▶ [The problem]: Below are records with pictures in them. Output exactly the lines from the one with "Men's All-Inclusive Accessory" through the one with "Philips Hue White", both included, and leave every picture out; give only those lines.

▶ [Given records]:
┌──

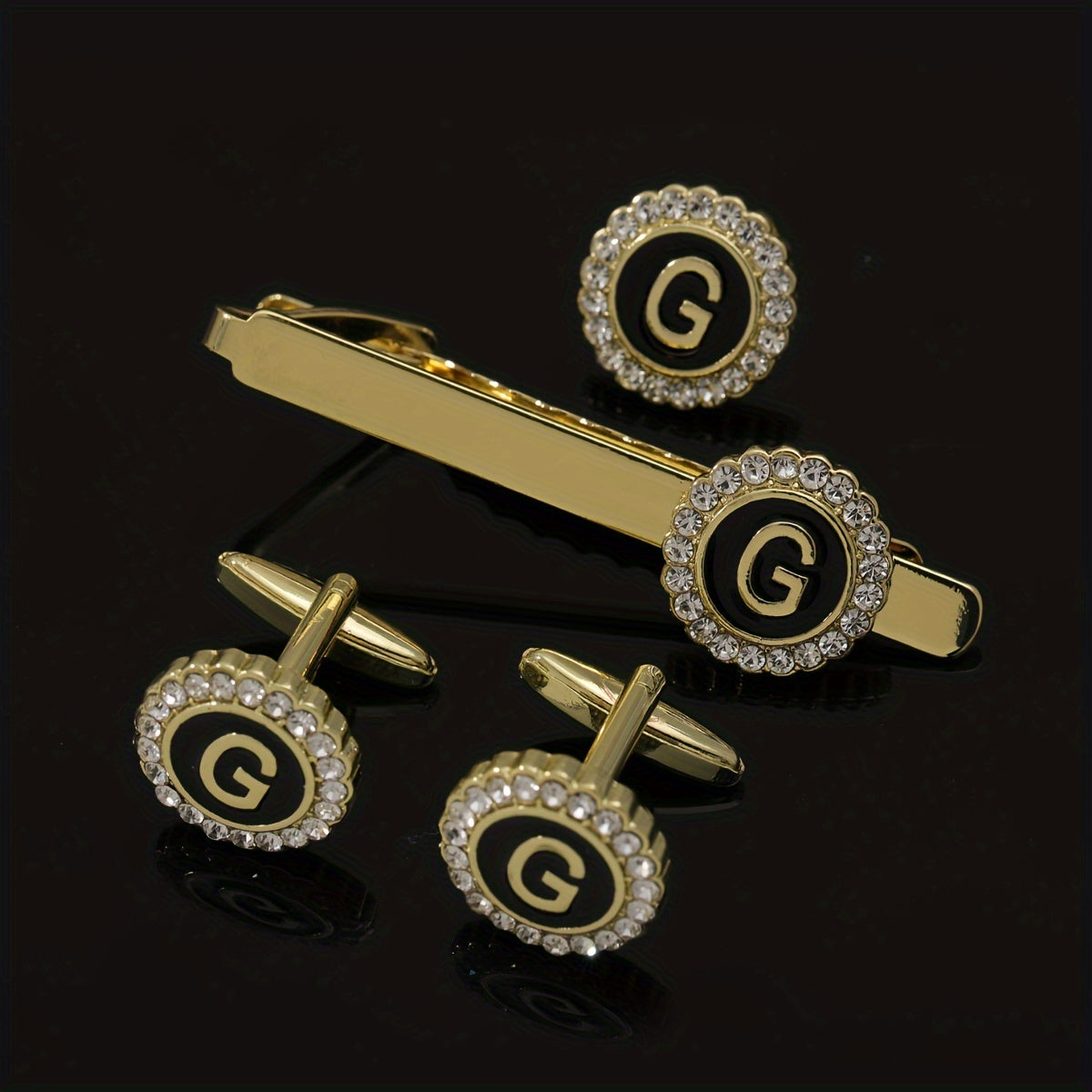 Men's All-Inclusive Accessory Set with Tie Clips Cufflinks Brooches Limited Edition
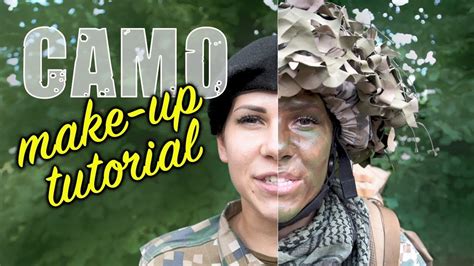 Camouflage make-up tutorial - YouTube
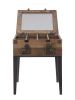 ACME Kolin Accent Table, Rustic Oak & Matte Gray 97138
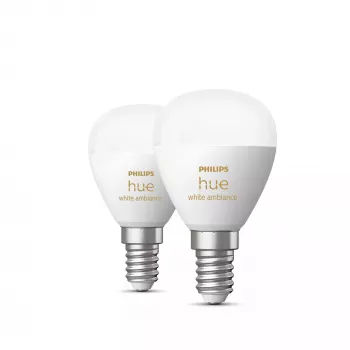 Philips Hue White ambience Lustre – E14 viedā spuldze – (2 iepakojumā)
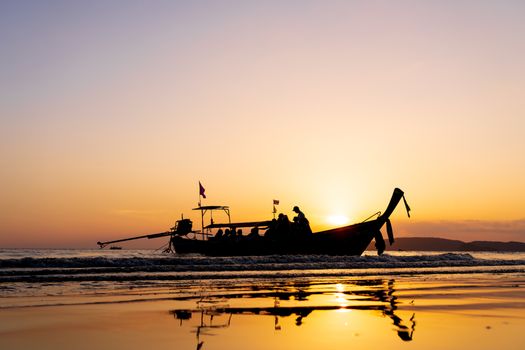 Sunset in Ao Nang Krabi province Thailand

└──
┌──

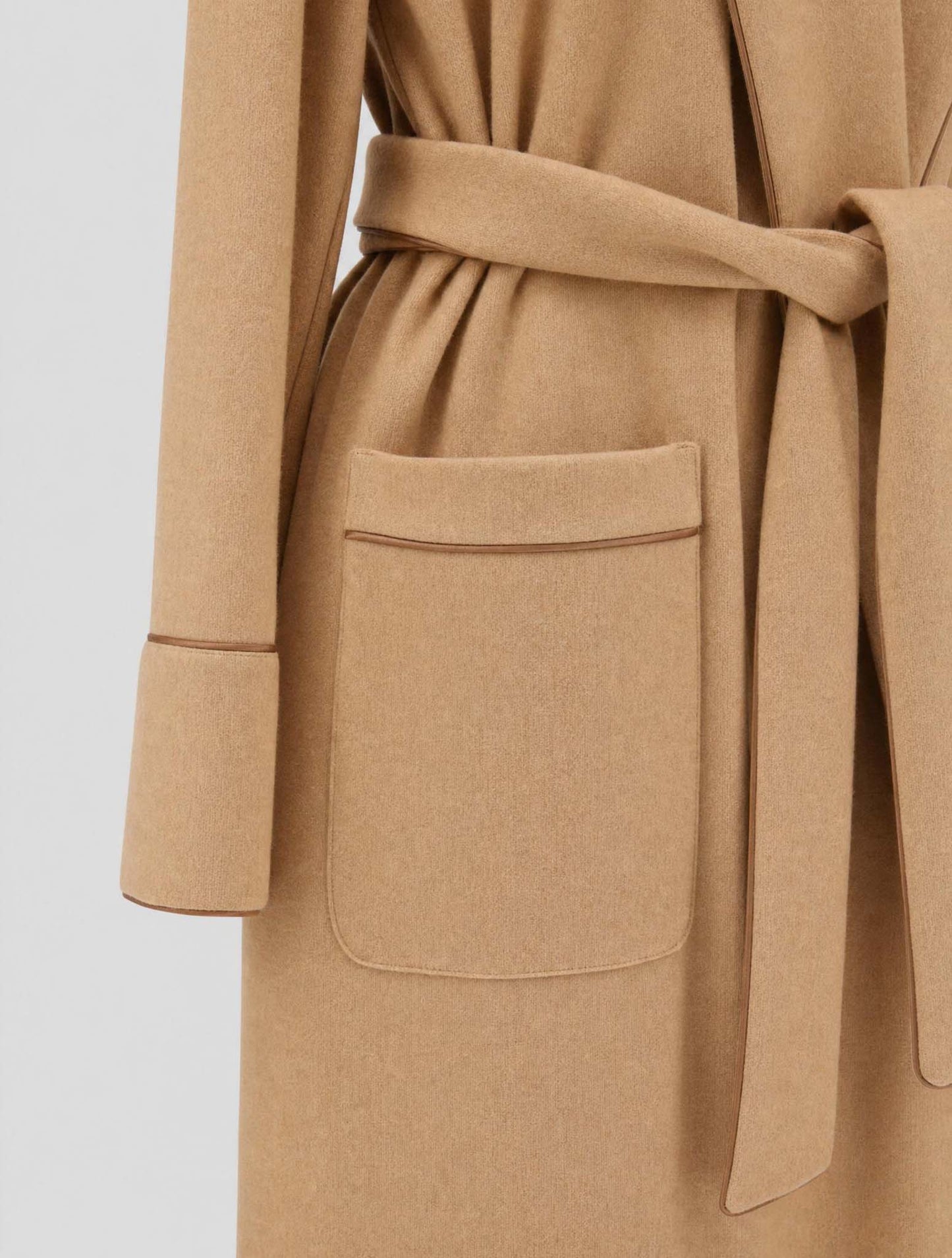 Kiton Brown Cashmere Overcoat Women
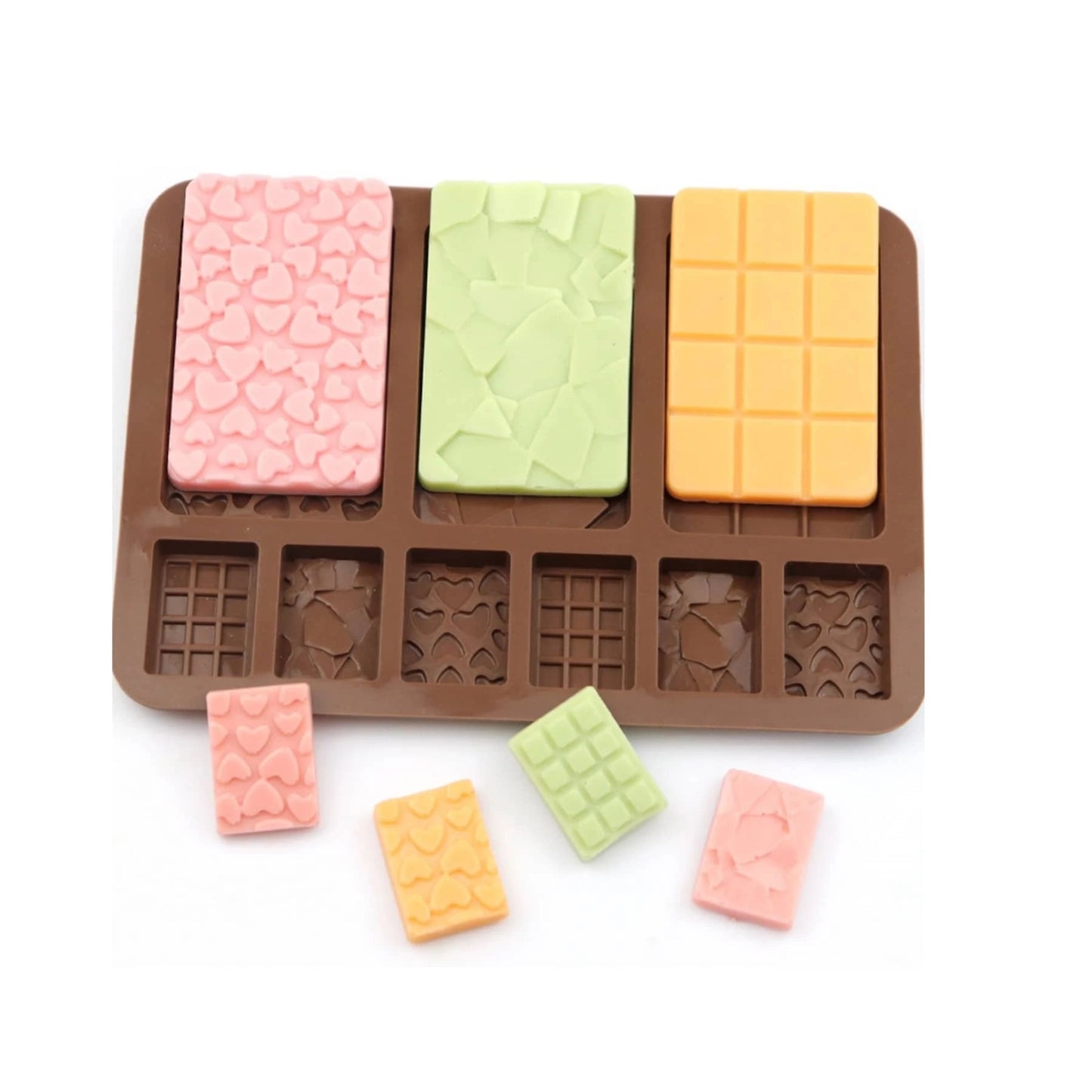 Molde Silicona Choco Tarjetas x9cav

└──
┌──

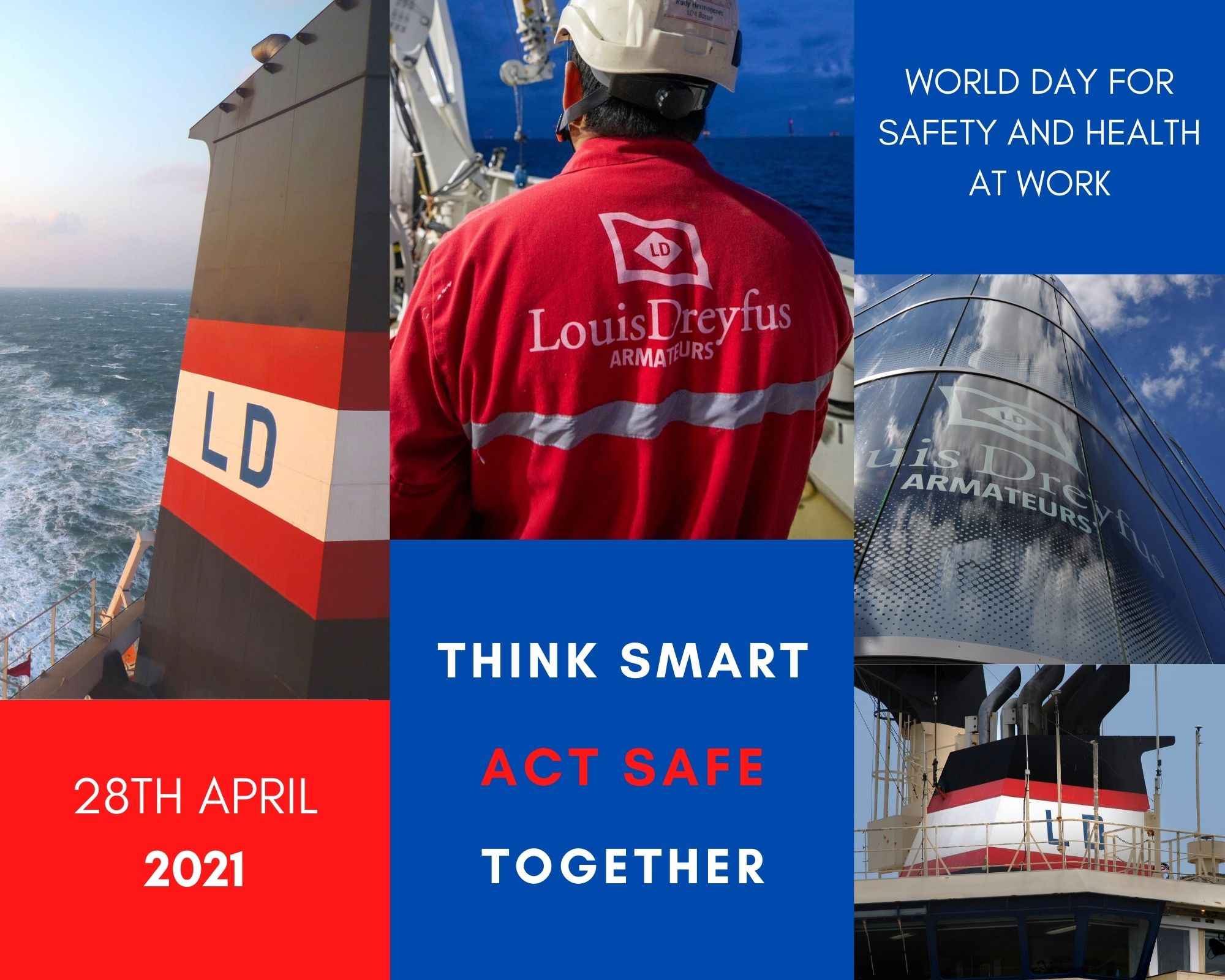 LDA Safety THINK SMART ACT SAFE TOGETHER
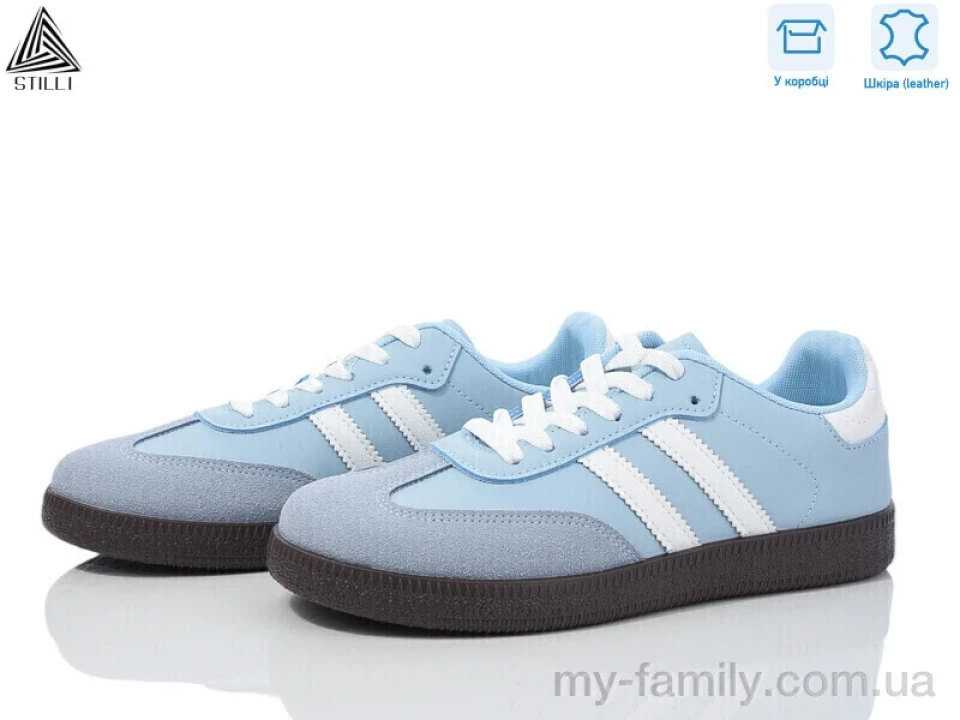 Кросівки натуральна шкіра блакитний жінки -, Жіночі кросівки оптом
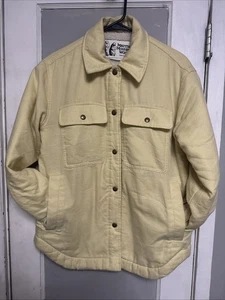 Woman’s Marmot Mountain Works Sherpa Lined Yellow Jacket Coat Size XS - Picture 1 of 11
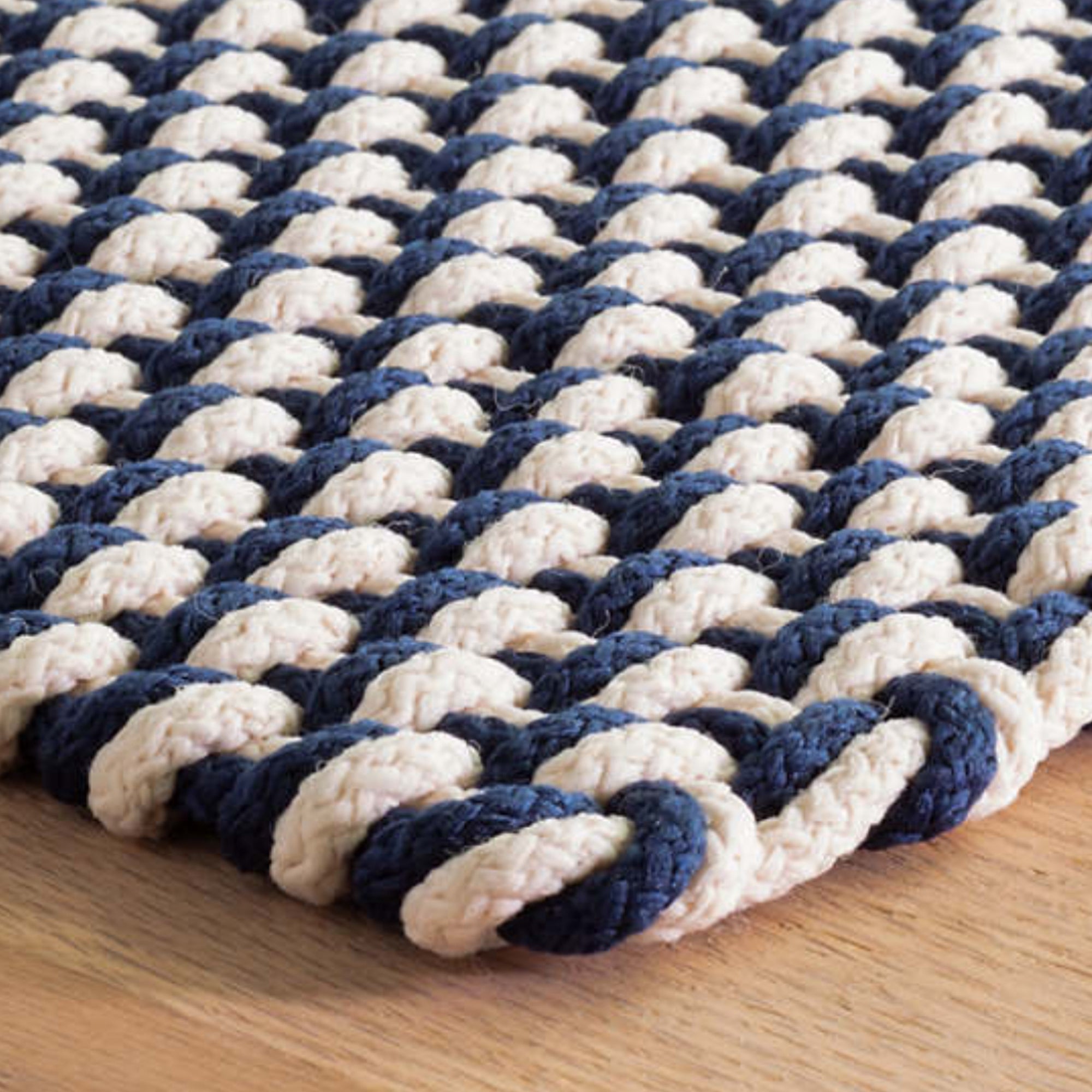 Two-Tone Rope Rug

└──

▶ [Result for this task]:
 Men's All-Inclusive Accessory Set with Tie Clips Cufflinks Brooches Limited Edition
 Camouflage make-up tutorial - YouTube
 ACME Kolin Accent Table, Rustic Oak & Matte Gray 97138
 Philips Hue White ambience Lustre – E14 viedā spuldze – (2 iepakojumā)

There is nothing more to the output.